Keep children active, curious, engaged, and autonomous. Passive students do not learn much. Make them more active. Engage their intelligence so that their minds sparkle with curiosity and constantly generate new hypotheses. But do not expect them to discover everything on their own: guide them through a structured curriculum.
Make every school day enjoyable. Reward circuits are essential modulators of brain plasticity. Activate them by rewarding every effort and making every hour of class fun. No child is insensitive to material rewards—but their social brains respond equally to smiles and encouragement. The feeling of being appreciated and the awareness of one’s own progress are rewards in and of themselves. Conversely, do away with the anxiety and stress that prevent learning—especially in mathematics.
Encourage efforts. A pleasurable school experience is not synonymous with “effortless.” On the contrary, the most interesting things to learn—reading, math, or playing an instrument—require years of practice. The belief that everything comes easy can lead children to think that they are dunces if they do not succeed. Explain to them that all students must try hard and that, when they do, everyone makes progress. Adopt a growth mindset, not a fixed mindset.
Help students deepen their thinking. The deeper our brain processes information, the better we can remember.

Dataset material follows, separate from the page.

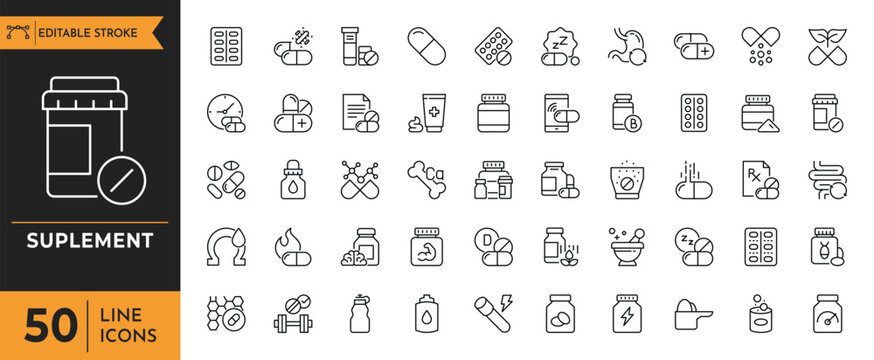 Suplement outline icon set. Contains icons related to Vitamins and Nutritional Supplements. Editable stroke. Vector illustration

Never be content with superficial learning; always aim for deeper understanding. And remember Henry Roediger’s words: “Making learning conditions more difficult, thus requiring students to engage more cognitive effort, often leads to enhanced retention.”
Set clear learning objectives. Students learn best when the purpose of learning is clearly stated to them and when they can see that everything at their disposal converges toward that purpose. Clearly explain what is expected of them, and stay focused on that goal.
Accept and correct mistakes. To update their mental models, our brain areas must exchange error messages. Error is therefore the very condition of learning. Let us not punish errors, but correct them quickly, by giving children detailed but stress-free feedback. According to the Education Endowment Foundation’s synthesis, the quality of the feedback that teachers provide to their students is the most effective lever for academic progress.
Practice regularly. One-shot learning is not enough— children need to consolidate what they have learned to render it automatic, unconscious, and reflexive. Such routinization frees up our prefrontal and parietal circuits, allowing them to attend to other activities. The most effective strategy is to space out learning: a little bit every day. Spacing out practice or study sessions allows information to be permanently imprinted to memory.
Let students sleep. Sleep is an essential ingredient of our learning algorithm. Our brain benefits each time we sleep, even when we nap. So, let us make sure that our children sleep long and deep. To get the most out of our brain’s unconscious night work, studying a lesson or rereading a problem just before falling asleep can be a nifty trick. And because adolescents’ sleep cycle is shifted, let’s not wake them up too early!